I never wanted to take the Oxy in the first place but she messed up so often with my doses of methadone and duragesic patches that somehow it was decided that she would try to give the oxy a try.
It has become the first med that has helped me. As a matter of fact beofre I was taking it I could bearely get through one day. I used to be very athletic and was in great shape. After my surgery it all wnet down hill. Now I have scar tissue pressing on my nerve that has caused more pain than even before the surgery. It has been a nightmare. So when I actually was able to work out two weeks ago (three times in one week) I was so happy. But then they decided to lower my dose and screwed me up. Not only that but she was only giving me 5 mgs of vicodin for the breakthrough pain. That was seriously a joke.
Anyway, so here I am sitting here again wondering what the heck happened. I understand that oxy has a social stigma attached to it, but what I can not understand is why pain doesn't have that same stigma?

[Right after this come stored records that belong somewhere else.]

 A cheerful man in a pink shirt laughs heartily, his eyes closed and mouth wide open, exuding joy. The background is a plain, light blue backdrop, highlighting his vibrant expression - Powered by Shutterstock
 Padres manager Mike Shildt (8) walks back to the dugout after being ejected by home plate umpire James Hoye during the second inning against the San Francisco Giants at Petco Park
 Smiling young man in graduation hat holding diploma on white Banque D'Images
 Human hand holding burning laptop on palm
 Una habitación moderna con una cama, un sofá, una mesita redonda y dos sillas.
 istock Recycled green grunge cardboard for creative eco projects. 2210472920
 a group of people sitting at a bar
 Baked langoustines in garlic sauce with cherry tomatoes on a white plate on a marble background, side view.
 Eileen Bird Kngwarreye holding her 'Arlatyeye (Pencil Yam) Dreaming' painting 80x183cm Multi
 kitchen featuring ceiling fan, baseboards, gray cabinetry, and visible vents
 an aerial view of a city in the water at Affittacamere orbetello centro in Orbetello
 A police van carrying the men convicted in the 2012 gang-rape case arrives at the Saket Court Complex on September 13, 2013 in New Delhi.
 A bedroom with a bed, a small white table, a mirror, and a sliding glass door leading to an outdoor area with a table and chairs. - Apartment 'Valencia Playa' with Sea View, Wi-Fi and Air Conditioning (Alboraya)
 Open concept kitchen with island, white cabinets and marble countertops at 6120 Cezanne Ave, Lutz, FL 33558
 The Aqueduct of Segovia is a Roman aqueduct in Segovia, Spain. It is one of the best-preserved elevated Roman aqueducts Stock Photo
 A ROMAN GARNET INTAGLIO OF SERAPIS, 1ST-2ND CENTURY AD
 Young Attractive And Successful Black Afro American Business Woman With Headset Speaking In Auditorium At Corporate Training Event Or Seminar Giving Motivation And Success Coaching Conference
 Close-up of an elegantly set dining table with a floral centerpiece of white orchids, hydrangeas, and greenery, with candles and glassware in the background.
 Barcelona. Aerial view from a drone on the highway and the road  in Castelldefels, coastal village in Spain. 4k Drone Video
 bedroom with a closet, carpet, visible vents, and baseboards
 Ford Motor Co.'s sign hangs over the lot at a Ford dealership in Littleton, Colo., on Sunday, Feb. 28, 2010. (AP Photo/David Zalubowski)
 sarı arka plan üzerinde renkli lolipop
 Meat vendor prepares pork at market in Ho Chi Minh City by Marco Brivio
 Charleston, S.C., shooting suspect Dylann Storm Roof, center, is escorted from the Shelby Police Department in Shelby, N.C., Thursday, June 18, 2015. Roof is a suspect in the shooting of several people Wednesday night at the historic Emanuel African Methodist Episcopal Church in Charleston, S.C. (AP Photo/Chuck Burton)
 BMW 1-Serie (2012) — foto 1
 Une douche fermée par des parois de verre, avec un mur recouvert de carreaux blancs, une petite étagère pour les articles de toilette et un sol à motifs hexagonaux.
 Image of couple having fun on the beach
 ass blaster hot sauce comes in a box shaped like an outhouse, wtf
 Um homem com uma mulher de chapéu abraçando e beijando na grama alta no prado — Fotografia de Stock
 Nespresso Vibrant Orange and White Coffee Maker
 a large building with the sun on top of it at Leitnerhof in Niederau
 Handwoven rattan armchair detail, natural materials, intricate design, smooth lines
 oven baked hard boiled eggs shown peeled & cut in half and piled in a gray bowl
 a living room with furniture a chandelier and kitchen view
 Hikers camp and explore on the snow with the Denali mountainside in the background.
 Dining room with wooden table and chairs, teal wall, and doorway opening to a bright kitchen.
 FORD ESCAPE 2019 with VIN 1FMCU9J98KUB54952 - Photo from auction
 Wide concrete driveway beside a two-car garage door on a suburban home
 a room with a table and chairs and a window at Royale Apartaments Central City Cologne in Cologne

My life has been completely changed since my back surgery and I am so fearful that it will never feel normal again. I am so sad, so much and it seems like nothing is going to help me.
I do not even care about fighting for the pain meds anymore. It is to exhausting and I just can not take it anymore. The really difficult part is tryiong to convince my doctors that I am now experiencing withdrawl symptoms. I can not imagine anything getting worse right now.
Well except I just received a lay off letter from the college I work at. Apparently the grant that funds my position has been cut. It was a state grant that has been cut by our new govenor. There are 7 of us that lost our jobs but I feel so out of the loop since I have been on disability since Novemeber.
Going back to work and working with my students again was one of the only things that kept me working so hard at feeling better. So now that it has been taken away I feel even worse. Now what do I do? No one will want to hire me like this and it is not likely I will be feeling well enough any time soon to start looking for another job. I was supposed to start law school this year but I had to put it off for what I thought would only be one year. I had no idea I would be sufdfering so much this long after my surgery.
Sorry for giving my little pity story but it seems sometimes like no one else in my life understands how I feel, except for those of you that have either experienced the opain or are still going through it now.